FOCUS AREAS


Contents | SAS Program | PDF

The %MktBIBD Macro

Introduction

The %MktBIBD autocall macro finds balanced incomplete block designs (BIBDs). A BIBD is a list of treatments that appear together in blocks. Each block contains a subset of the treatments. BIBDs can be used in marketing research to construct partial-profile designs. The entries in the BIBD indicate which attributes are to be shown in each set. For example, a BIBD could be used when there are $t$ attributes or messages (treatments) and $k$ are shown at a time. A total of $b$ sets of attributes (blocks) are shown. BIBDs are also used in marketing research to construct MaxDiff (best-worst) designs. In a MaxDiff study, subjects are shown sets (blocks) of messages or product attributes (treatments) and are asked to choose the best (or most important) from each set along with the worst (or least important).

Note: The version of the %MktBIBD macro that is documented here requires SAS 9.01 or any subsequent release. An enhanced version of the %MktBIBD macro is included in the SAS 940m3 maintenance release. The enhanced version requires SAS 940m1 or any subsequent release. The documentation for the enhanced version of the macro is published at http://support.sas.com/rnd/app/macros/MktBIBD/mktbibd.htm.

BIBD Parameters

The parameters of a BIBD are as follows:

  • $b$ specifies the number of blocks. In a partial-profile design, this is the number of profiles. In a MaxDiff design, this is the number of sets.

  • $t$ specifies the number of treatments. In a partial-profile or MaxDiff design, this is the total number of attributes or messages.

  • $k$ specifies the block size, which is the number of treatments in each block. In a partial-profile or MaxDiff design, this is the number of attributes or messages that are shown at one time.

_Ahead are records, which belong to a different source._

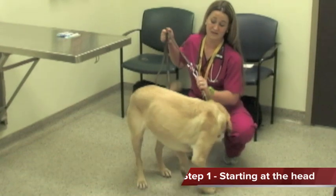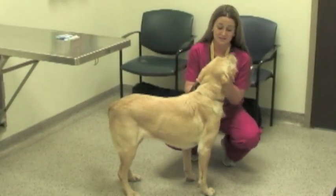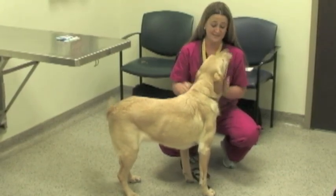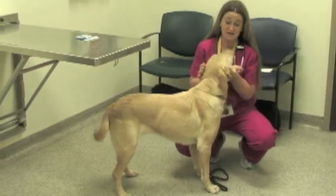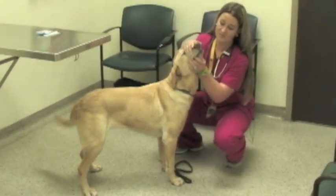The first thing you want to do — I like to get on their level personally — and kind of get to know them. Just let them smell me, know that everything's okay. I like to start from the head and go back. The first thing I start with is looking in their mouth.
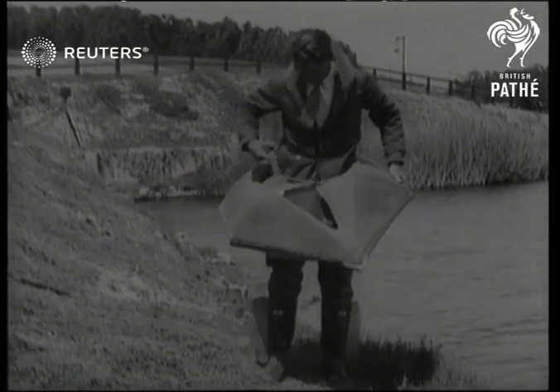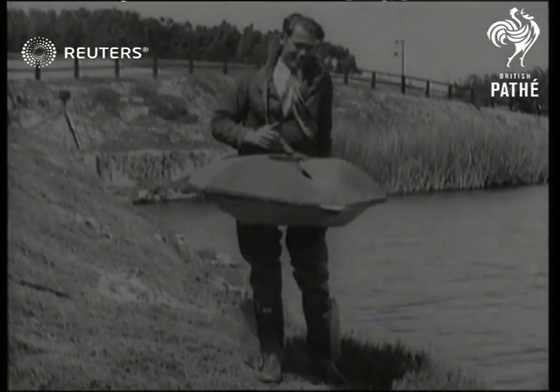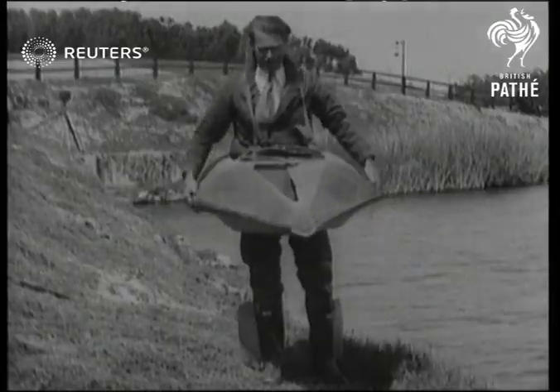The latest in watercraft: individual featherweight boats for duck hunters. How much does it weigh? It weighs 40 pounds.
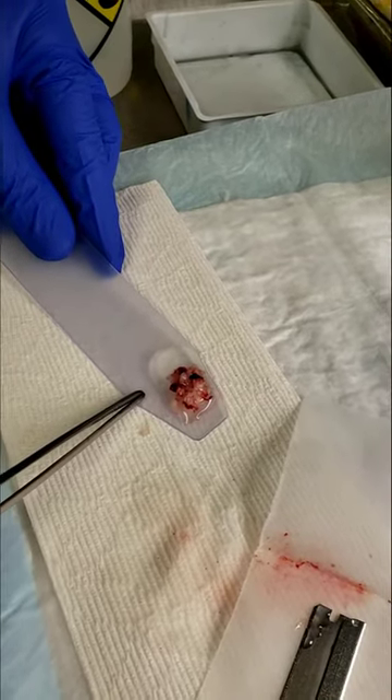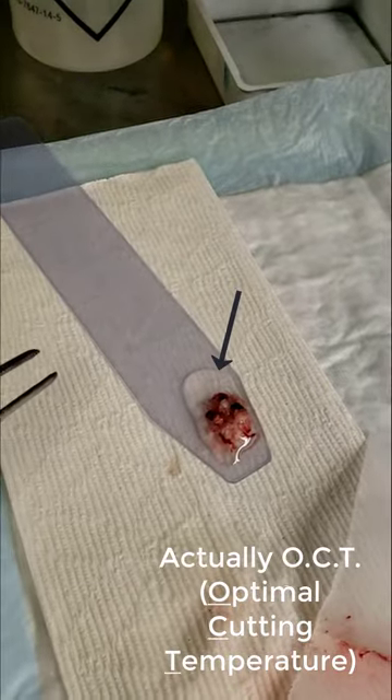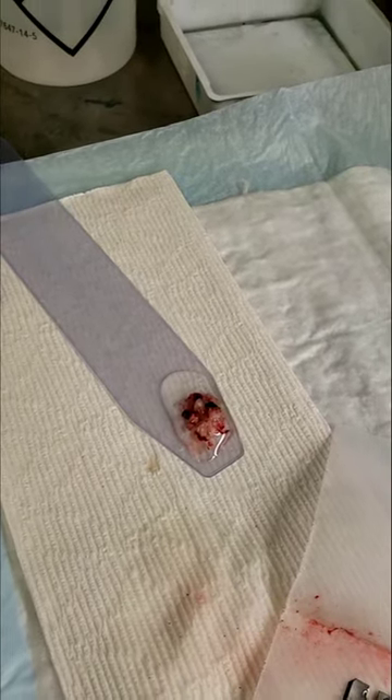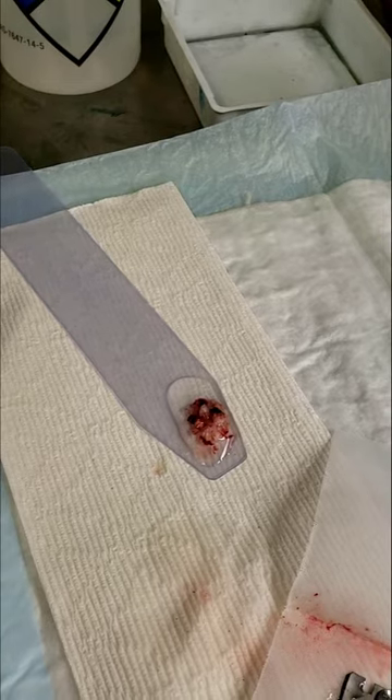Then we put it in this media called OCT — it's the clear stuff that's sort of around this tissue glob. That's going to allow us to have something that will freeze up very quickly so we can look at it histologically.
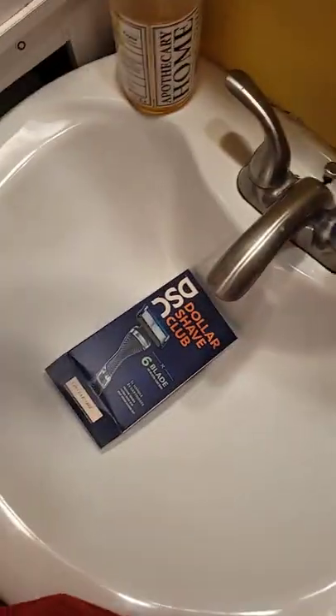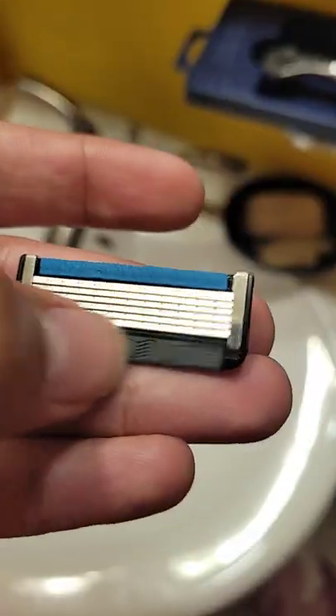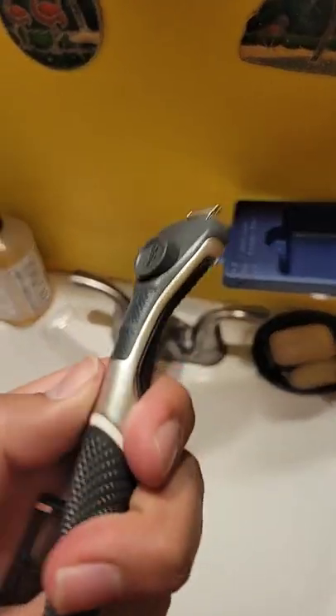This is the razor. It has five, I think, or more — it says it right there in the packet. It feels nice. The handle itself is actually kind of good; it feels good in the hand.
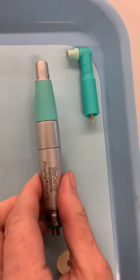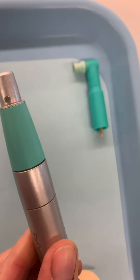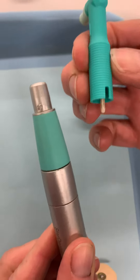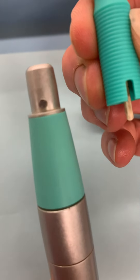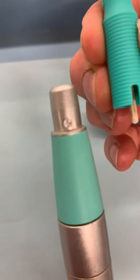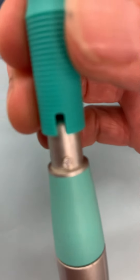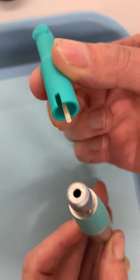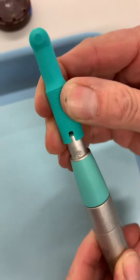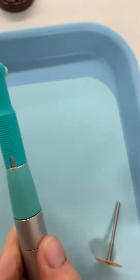Now let's look at the coronal polishing handpiece, or the hygiene handpiece. The profi angle is right here — it's going to slide down. You see the little notch here; that notch is going to line up with this little groove. The little white part on top is going to slide in, and then you push it on down over that little notch — and there you go.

If $r = b \times k / t$ and $l = r \times (k - 1) / (t - 1)$ are integers, and $k = t$ and $b \ge t$, then a complete block design might be possible. This is a necessary but not sufficient condition for the existence of a complete block design. If $r = b \times k / t$ and $l = r \times (k - 1) / (t - 1)$ are integers, and $k < t$ and $b \ge t$, then a balanced incomplete block design might be possible. This is a necessary but not sufficient condition for the existence of a BIBD. You can use the macro %MktBSize to find parameters in which BIBDs might exist. The %MktBIBD macro uses PROC OPTEX and a computerized search to find BIBDs. It does not have a library of BIBDs or use combinatorial constructions. Hence, it does not always find a BIBD even when one is known to exist. However, it usually works quite well in finding small BIBDs or something close for larger problems.

%MktBIBD Macro Syntax

%MktBIBD(B=b, K=k, T=t <, optional arguments>)

Required Arguments

B=b
NSETS=b

specifies the number of blocks. In a partial-profile design, this is the number of profiles. In a MaxDiff design, this is the number of sets.

K=k
SETSIZE=k

specifies the block size, which is the number of treatments in each block. In a partial-profile or MaxDiff design, this is the number of attributes or messages that are shown at one time in each set.

T=t
NATTRS=t

specifies the number of treatments. In a partial-profile or MaxDiff design, this is the total number of attributes or messages. When the NATTRS= option is specified, the output uses the word "Attribute" rather than "Treatment" and the word "Set" rather than "Block."

Optional Arguments

GROUP=n

specifies the number of groups into which the design is to be divided. This could be useful with MaxDiff and partial profiles. By default, the design is not divided into groups.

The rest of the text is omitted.